According to standard textbooks on compressible fluid dynamics, a shock wave is formed by an accumulation of compression waves. However, the process by which an accumulated compression wave grows into a shock wave has never been visualized. In the present paper, the authors tried to visualize this process using a model wedge with multiple steps. This model is useful for generating a series of compression waves and can simulate a compression process that occurs in a shock tube. By estimating the triple-point trajectory angle, we demonstrated visually that an accumulated compression wave grows into a shock wave. Further reflection experiments over a rough-surface wedge confirmed the tendency for the triple point trajectory angle χ to reach the asymptotic value χ _s in the end.

1 Introduction

Standard textbooks on compressible fluid dynamics explain that a shock wave is formed by an accumulation of overtaking compression waves. The physical mechanism is as follows. When gas is compressed, its density, pressure, and temperature generally increase isentropically, increasing its sound speed and thus the propagation speed of the compression wave.
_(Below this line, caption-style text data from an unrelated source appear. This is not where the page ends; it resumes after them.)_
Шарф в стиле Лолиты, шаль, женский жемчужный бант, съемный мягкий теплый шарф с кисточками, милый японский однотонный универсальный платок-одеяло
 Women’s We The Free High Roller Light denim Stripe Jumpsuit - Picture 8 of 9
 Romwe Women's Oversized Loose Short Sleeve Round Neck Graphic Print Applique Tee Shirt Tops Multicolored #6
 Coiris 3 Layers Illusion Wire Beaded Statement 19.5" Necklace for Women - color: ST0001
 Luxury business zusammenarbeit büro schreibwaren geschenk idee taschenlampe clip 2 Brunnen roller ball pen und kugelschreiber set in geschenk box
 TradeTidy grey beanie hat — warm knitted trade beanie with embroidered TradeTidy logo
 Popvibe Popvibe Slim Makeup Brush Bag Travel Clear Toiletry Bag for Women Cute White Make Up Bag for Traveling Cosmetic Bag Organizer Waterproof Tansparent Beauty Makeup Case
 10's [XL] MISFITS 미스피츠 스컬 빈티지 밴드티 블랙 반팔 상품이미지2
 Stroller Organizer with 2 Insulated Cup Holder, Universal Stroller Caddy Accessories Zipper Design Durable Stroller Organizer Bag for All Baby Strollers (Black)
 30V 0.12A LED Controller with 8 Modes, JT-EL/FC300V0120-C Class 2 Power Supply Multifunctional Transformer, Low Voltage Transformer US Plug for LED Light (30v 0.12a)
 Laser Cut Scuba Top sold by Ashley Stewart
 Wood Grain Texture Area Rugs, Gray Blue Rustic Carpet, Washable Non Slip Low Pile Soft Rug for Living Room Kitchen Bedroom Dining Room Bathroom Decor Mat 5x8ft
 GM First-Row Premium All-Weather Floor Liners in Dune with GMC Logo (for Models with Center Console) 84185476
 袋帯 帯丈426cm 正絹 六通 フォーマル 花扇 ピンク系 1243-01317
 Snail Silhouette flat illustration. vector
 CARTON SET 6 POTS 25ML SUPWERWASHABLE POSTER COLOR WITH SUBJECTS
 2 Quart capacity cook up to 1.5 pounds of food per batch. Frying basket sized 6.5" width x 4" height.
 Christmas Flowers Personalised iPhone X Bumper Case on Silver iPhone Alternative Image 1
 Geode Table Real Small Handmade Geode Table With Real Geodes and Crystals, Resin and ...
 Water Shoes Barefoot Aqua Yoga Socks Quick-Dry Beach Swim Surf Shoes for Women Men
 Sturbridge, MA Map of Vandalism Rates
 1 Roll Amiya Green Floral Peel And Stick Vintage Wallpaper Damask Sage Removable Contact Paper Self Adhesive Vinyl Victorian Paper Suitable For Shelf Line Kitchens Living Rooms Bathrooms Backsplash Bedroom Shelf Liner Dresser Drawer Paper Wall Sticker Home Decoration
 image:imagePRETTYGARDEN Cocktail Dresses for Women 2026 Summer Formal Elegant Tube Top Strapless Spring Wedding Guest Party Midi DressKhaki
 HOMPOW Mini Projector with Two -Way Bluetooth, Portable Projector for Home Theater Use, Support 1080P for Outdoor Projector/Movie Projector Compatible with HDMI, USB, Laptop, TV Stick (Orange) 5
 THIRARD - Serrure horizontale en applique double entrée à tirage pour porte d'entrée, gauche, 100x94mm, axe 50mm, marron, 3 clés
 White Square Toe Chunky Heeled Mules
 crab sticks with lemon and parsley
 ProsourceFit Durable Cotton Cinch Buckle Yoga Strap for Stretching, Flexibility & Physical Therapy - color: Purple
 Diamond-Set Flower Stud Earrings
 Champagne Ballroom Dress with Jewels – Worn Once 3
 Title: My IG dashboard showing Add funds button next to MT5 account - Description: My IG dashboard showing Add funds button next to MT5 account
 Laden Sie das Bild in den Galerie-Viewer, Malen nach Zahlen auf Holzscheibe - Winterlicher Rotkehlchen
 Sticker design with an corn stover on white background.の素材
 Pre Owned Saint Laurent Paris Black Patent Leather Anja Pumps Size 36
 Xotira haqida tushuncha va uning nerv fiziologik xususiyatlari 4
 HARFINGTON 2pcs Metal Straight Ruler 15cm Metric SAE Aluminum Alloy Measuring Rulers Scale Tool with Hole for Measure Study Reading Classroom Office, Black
As a result, the speed of compression waves, which propagate into a gas already compressed by precursory waves, exceed that of the precursory waves, and so the compression waves generated later tend to overtake the precursory ones. In a shock tube, this overtaking process occurs continuously since the accelerating contact surface generates compression waves continuously, and the pressure profile at the wavefront steepens to form a shock wave. In other words, it takes some distance to form a shock wave. Actually, in a shock tube, the driven section length must be over some fifty times the tube diameter to obtain a well-developed shock wave. The pressure profiles of underdeveloped shock waves have been measured, but, to the authors’ knowledge, no attempt has been made to visualize the process over which a compression wave grows into a shock wave. In the present paper, we attempt to visualize the shock wave formation process. For this purpose, we devised and applied a method of multiple steps.

Fig. 1 a

A plane shock wave propagating over a step-like wedge; b velocity vector diagram

An early example of this method lies in a series of experiments carried out by the authors (Adachi et al. 1992). In those experiments, we investigated the shock reflection over multi-guttered wedges to simulate the reflection phenomena over porous media. When the shock wave is incident obliquely on the multi-guttered wedge, a series of compression and rarefaction waves appear, and it is very helpful to interpret the phenomenon physically from the viewpoint of waves. However, with the multi-guttered wedge, the visualized waves were generally complicated because unnecessary rarefaction waves were generated. Considering this drawback, we replaced the multi-guttered wedge by a step-like wedge, which dramatically reduces major rarefaction waves (although it does not eliminate them completely). This method was first applied by Suzuki et al. (1997), in a test to visually clarify the reflected-wave formation process over both concave and convex circular cylindrical wedges. We successfully visualized the formation mechanism of the peculiar reflected wave over a concave wedge as the accumulation of compression waves generated from each step. Later, the same method was applied to the so-called von Neumann reflection of weak shock waves (Kobayashi et al. 1997, 2000a), in which the compressive disturbances generated from a step-like wedge tend to accumulate near the first triple point defined by the intersection of the first disturbance and the incident shock wave front. This result led to an important inference that the flow field around the first triple point might vary as the incident shock proceeds, and that the self-similarity law usually postulated in oblique shock reflection phenomena does not hold. This has been further extended to the ordinary Mach reflection of weak shock waves, and it turns out that non-self-similarity is essential for understanding the so-called von Neumann paradox (Kobayashi et al. 1999).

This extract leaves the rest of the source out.